Decision No. I US 335/92 of the Constitutional Court of the Czech and

Slovak Federal Republic of 17 June 1992 (Collection of decisions and

judgments)

[Translation]

     "An appeal is contrary to law where an applicant claims

     that he/she has been refused legal representation and

     requests the Constitutional Court to decide on the merits

     of his/her appeal without satisfying the requirement of

     legal representation.  The provisions of Articles 19 and 58

     para. 1 of Law No. 491/1991 unambiguously and without

     exception require legal representation from the

     introduction of an appeal and during the proceedings ..."

[Original]

     "Pokud navrhovatel uvádí, ze ho advokát odmítá zastupovat

     a zádá, aby Ústavní soud meritorne rozhodl bez splnení

     podmínky advokátního zastoupení, je tato zádost v rozporu

     se zákonem. Ustanovení §§ 19 a 58 odst. 1 zákona c.

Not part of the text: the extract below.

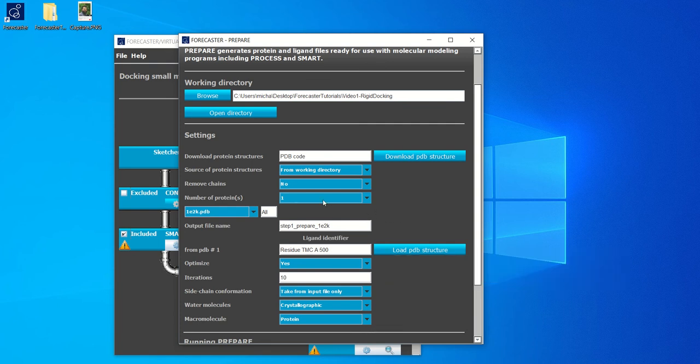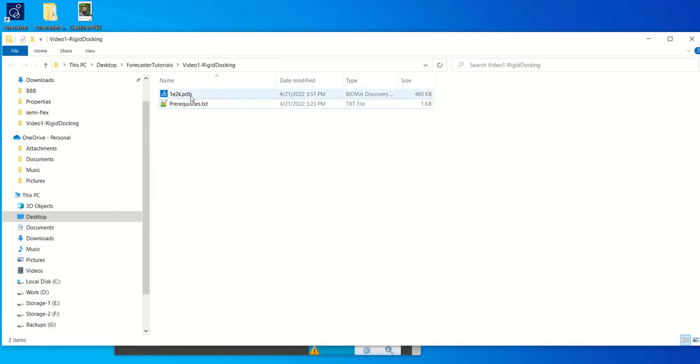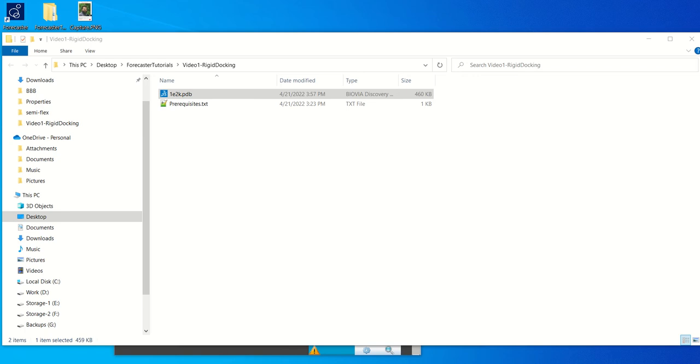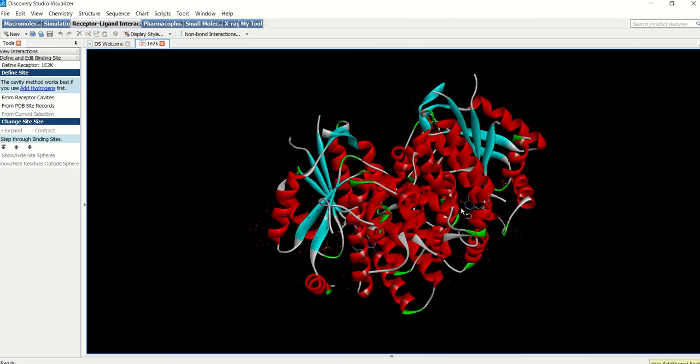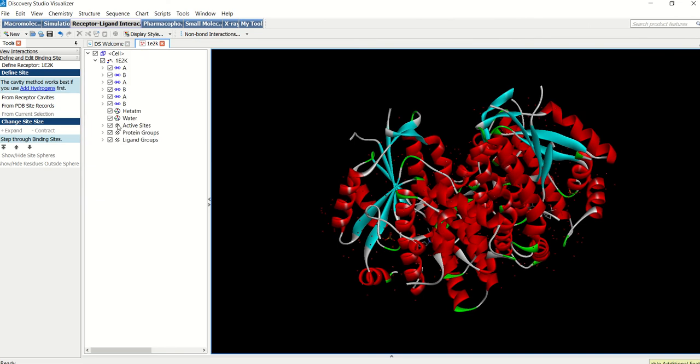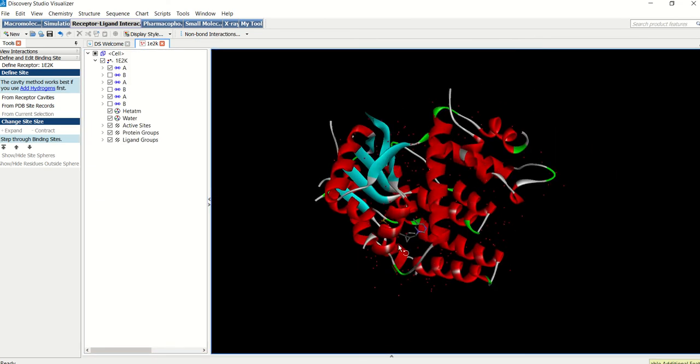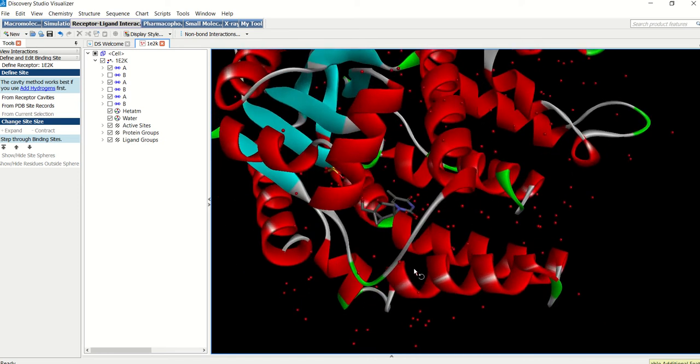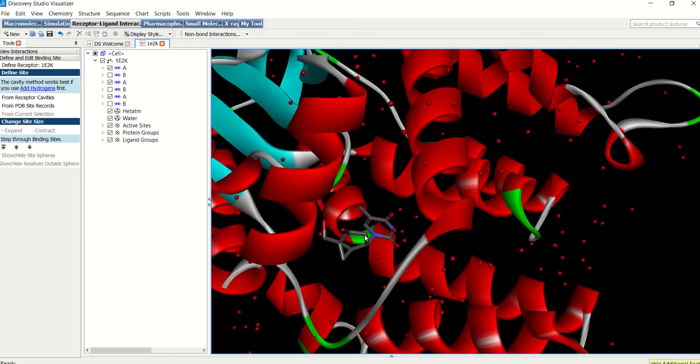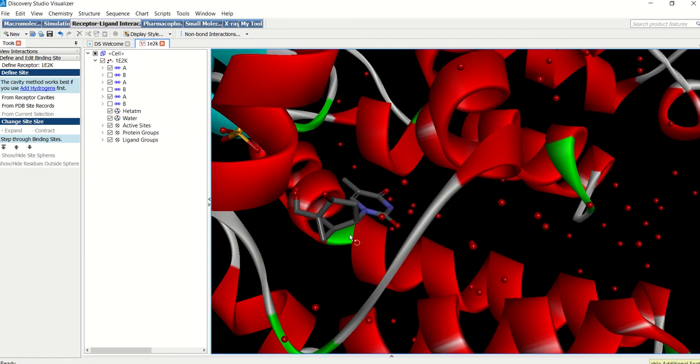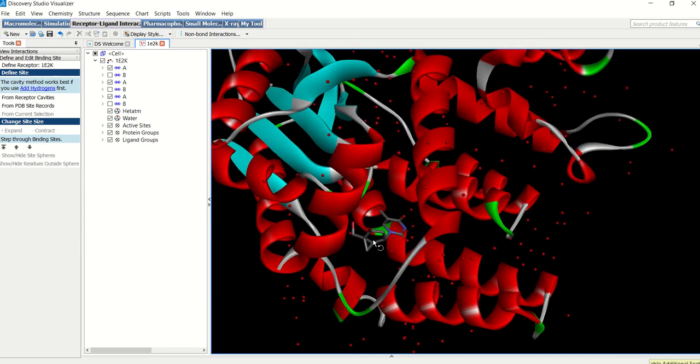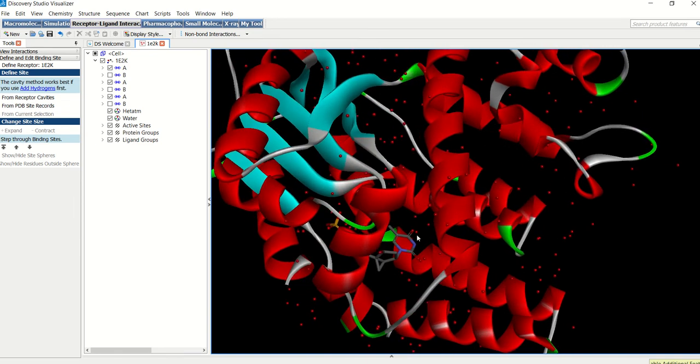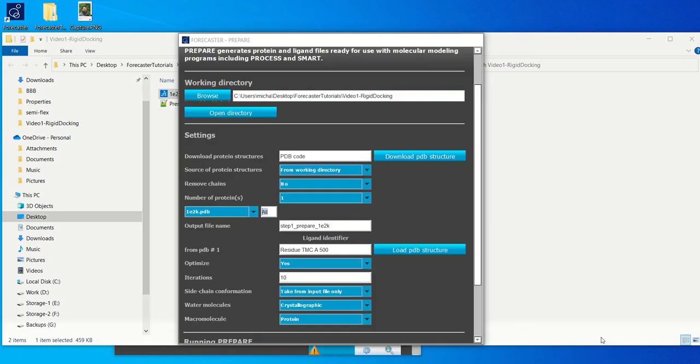We'll only need one protein, 1e2k. The all here represents the different chains. So if a protein has different chains like 1e2k, 1e2k has two different chains, A and B. And I will show you by opening the structure in a visualizer. So you can see here there are two different chains, A and B. We can hide one of them since we only need one for our docking purpose. And then we can identify the ligand, which is this one, TMC500. So that we have a good idea of what ligand we're trying to dock to our protein structure. Okay, so now that we have this, we can choose just chain A.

     491/1991 Sb. jednoznacne a bezvyjimecne vyzadují advokátní

     zastoupení uz pri podání návrhu (ústavní stíznosti) a celém

     rízení ..."

COMPLAINTS

1.   The applicant complains under Article 6 para. 1 of the Convention

that his case was not dealt with fairly by the national courts and

within a reasonable time.  He claims that the principle of equality of

arms was violated.  He also alleges discrimination contrary to Article

14 of the Convention as, by virtue of Article 61 para. 2 of the Labour

Code, he was not in an equal position with his employer: if an

indemnity is requested by an employee it is limited to the period of

six months and to compensation for loss of salary, whereas where an

action is brought by an employer, the employer may claim compensation

for actual damage as well as for lost profits.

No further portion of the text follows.